***** PROVIDED MATERIAL
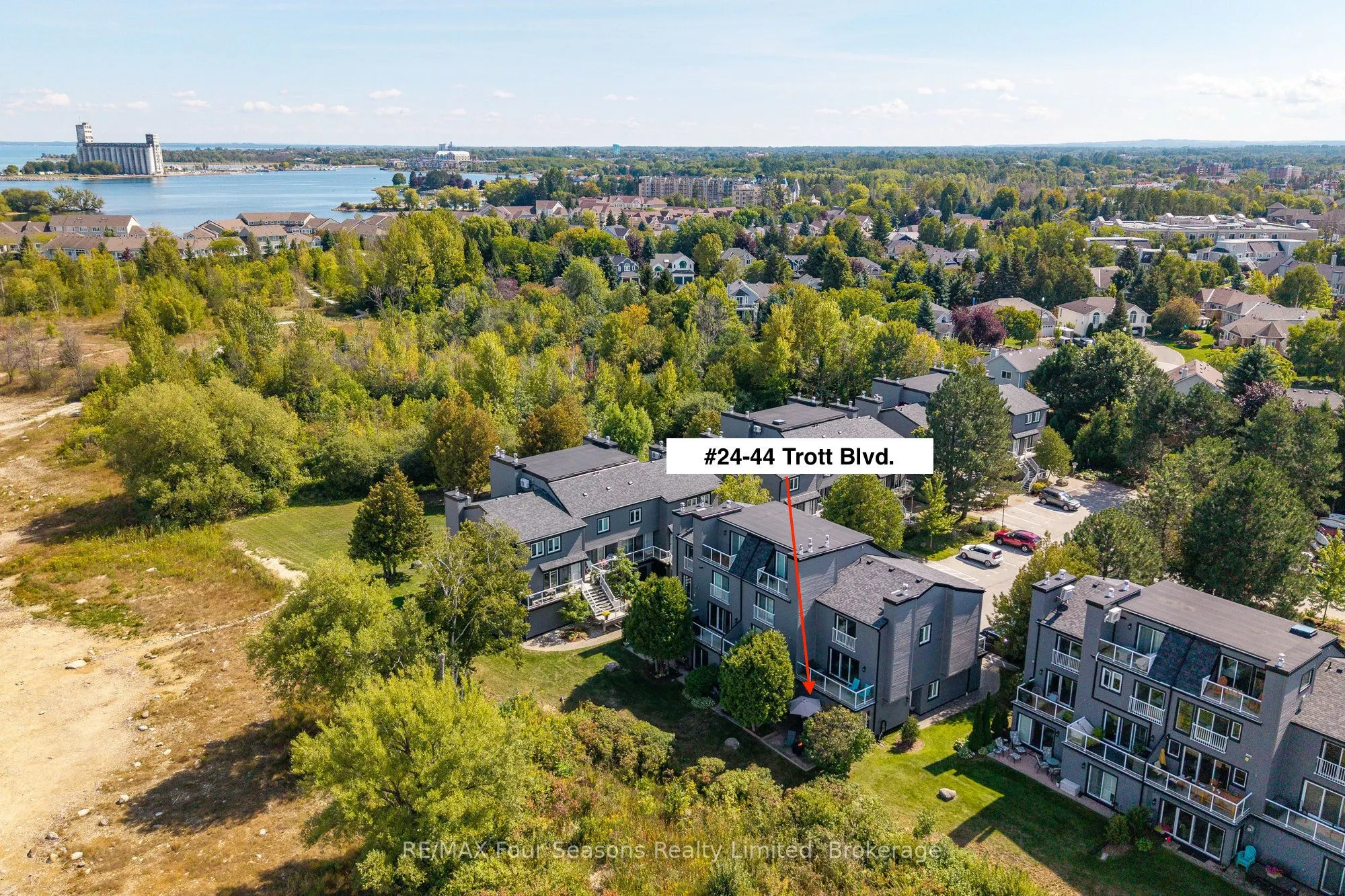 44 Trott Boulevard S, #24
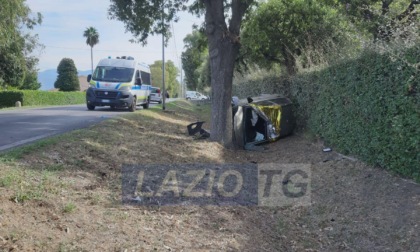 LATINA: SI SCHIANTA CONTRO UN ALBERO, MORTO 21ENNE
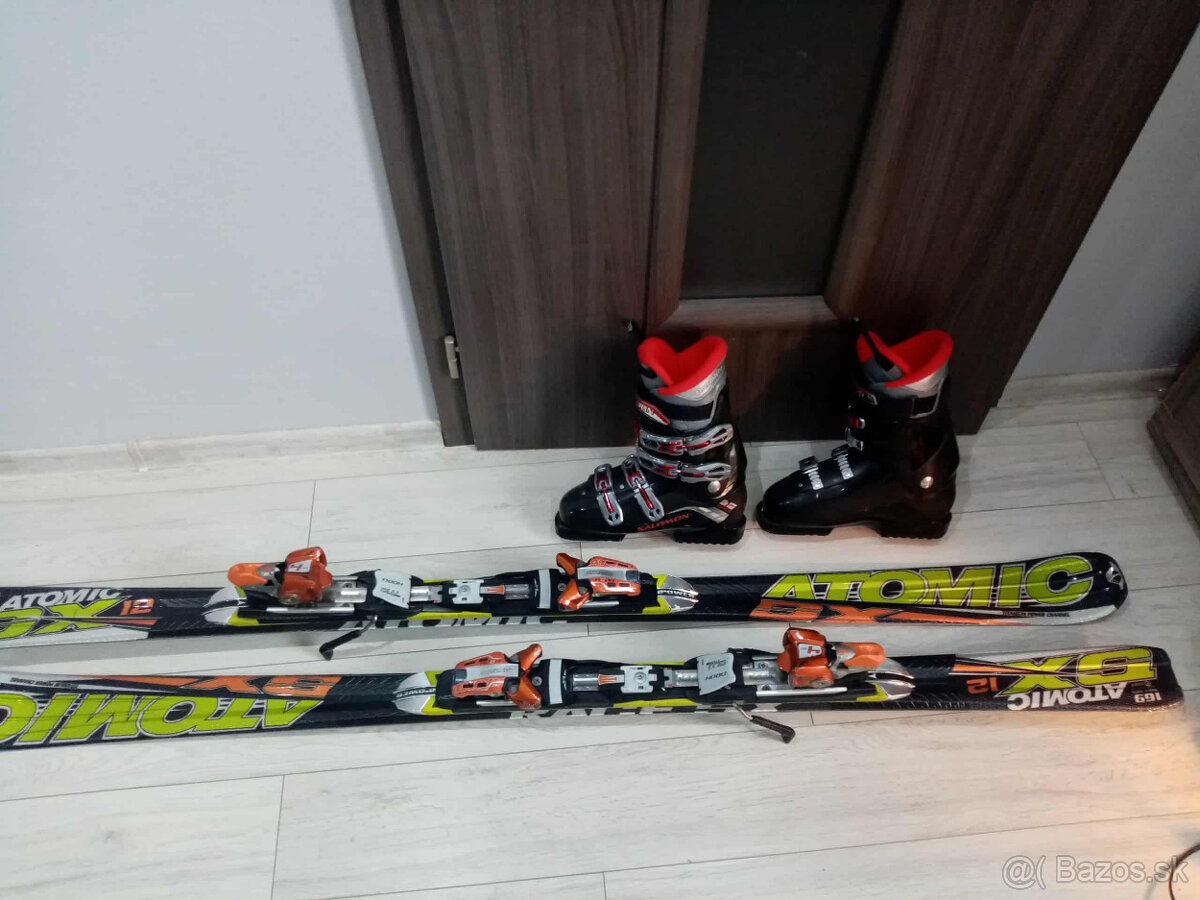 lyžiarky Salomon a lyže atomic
**********
[REQUIREMENT]
All lines from the line containing "LATINA: SI SCHIANTA" through the end of the listing above are to be given again exactly; pictures are not part of the copy.

[ANSWER TO THE PROBLEM]
 LATINA: SI SCHIANTA CONTRO UN ALBERO, MORTO 21ENNE
 lyžiarky Salomon a lyže atomic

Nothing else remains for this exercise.